(Beginning of DATA FOR THIS EXERCISE)
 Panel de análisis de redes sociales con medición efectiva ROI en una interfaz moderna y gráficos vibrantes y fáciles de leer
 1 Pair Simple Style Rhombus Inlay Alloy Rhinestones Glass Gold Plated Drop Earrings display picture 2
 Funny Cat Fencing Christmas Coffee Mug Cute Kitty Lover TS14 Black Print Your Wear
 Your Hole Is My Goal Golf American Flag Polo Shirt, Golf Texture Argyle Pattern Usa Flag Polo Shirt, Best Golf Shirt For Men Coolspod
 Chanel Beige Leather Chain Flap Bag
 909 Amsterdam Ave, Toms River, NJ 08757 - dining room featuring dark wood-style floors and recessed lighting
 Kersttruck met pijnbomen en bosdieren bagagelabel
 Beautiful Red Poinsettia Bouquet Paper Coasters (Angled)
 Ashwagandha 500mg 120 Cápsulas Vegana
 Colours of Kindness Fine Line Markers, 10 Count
(End of DATA FOR THIS EXERCISE)
> [WORK ITEM]
Of the lines above, copy each one that contains the word "Your".

> [RESULT]
 Funny Cat Fencing Christmas Coffee Mug Cute Kitty Lover TS14 Black Print Your Wear
 Your Hole Is My Goal Golf American Flag Polo Shirt, Golf Texture Argyle Pattern Usa Flag Polo Shirt, Best Golf Shirt For Men Coolspod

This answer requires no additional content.